Each element in the array represents your maximum jump length at that position.
Determine if you are able to reach the last index.

Example 1:
Input: [2,3,1,1,4]
Output: true
Explanation: Jump 1 step from index 0 to 1, then 3 steps to the last index.

class Solution {
public:
bool canJump(vector<int>& nums) {
int pos = nums.size() - 1;
for (int i = nums.size() - 2; i >= 0; i--) {
if (pos <= i + nums[i]) {
pos = i;
}
}
return pos == 0;
}
};

## Jump Game II - LeetCode

Jump Gameの最短ジャンプ回数を返す版。

Given an array of non-negative integers, you are initially positioned at the first index of the array.
Each element in the array represents your maximum jump length at that position.
Your goal is to reach the last index in the minimum number of jumps.

Example:
Input: [2,3,1,1,4]
Output: 2
Explanation: The minimum number of jumps to reach the last index is 2.
Jump 1 step from index 0 to 1, then 3 steps to the last index.

class Solution {
public:
int jump(vector<int>& nums) {
if (nums.size() <= 1) {
return 0;
}
int pos = nums.size() - 1;
deque<int> stops = {pos};
for (int i = nums.size() - 2; i >= 0; i--) {
if (pos <= i + nums[i]) {
stops.push_back(pos);
pos = i;
while(stops.size() >= 2) {
if (stops[stops.size() - 2] > i + nums[i]) {
break;
}
stops.pop_back();
}
}
}
return stops.size();
}
};

## 区間スケジューリング問題

N個のタスクがあります。
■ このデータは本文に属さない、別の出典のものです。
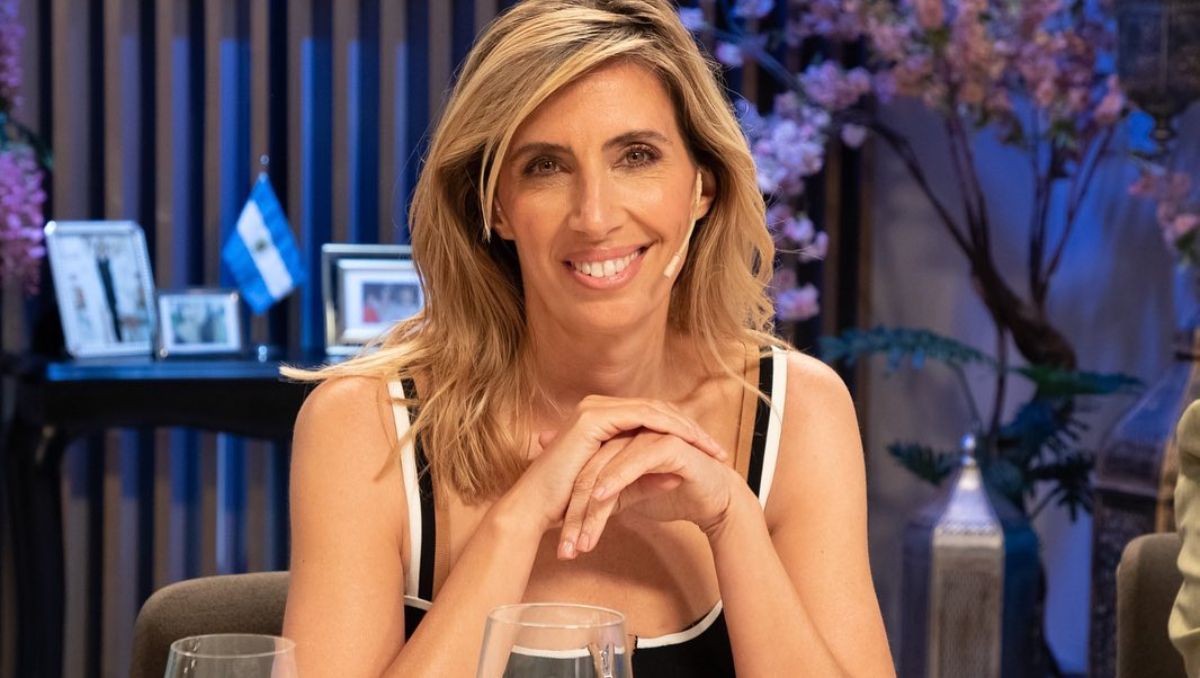 El blooper de vestuario de Luciana Geuna en el programa de Juana Viale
i個目のタスクは A_i日目の朝に始まり、B_i日目の夜に終わります。その間の日は全てそのタスクに専念する必要があります。
あなたはこれらのタスクを自由に選んで実行することができます。ただし、同じ日に複数のタスクを行うことはできません。実行可能なタスクの個数の最大値を求めてください。

struct Task{
int start;
int end;
bool operator<(const Task& other) {
return end < other.end;
}
bool operator<=(const Task& other) {
return end <= other.end;
}
};

int main() {
int N;
cin >> N;
vector<Task> tasks;
for(int i = 0; i < N; i++) {
int a, b;
cin >> a >> b;
tasks.push_back(Task{start: a, end: b});
}
sort(tasks.begin(), tasks.end());
int ret = 0, time = 0;
for(auto task: tasks) {
if (task.start > time) {
ret++;
time = task.end;
}
}
cout << ret << endl;
return 0;
}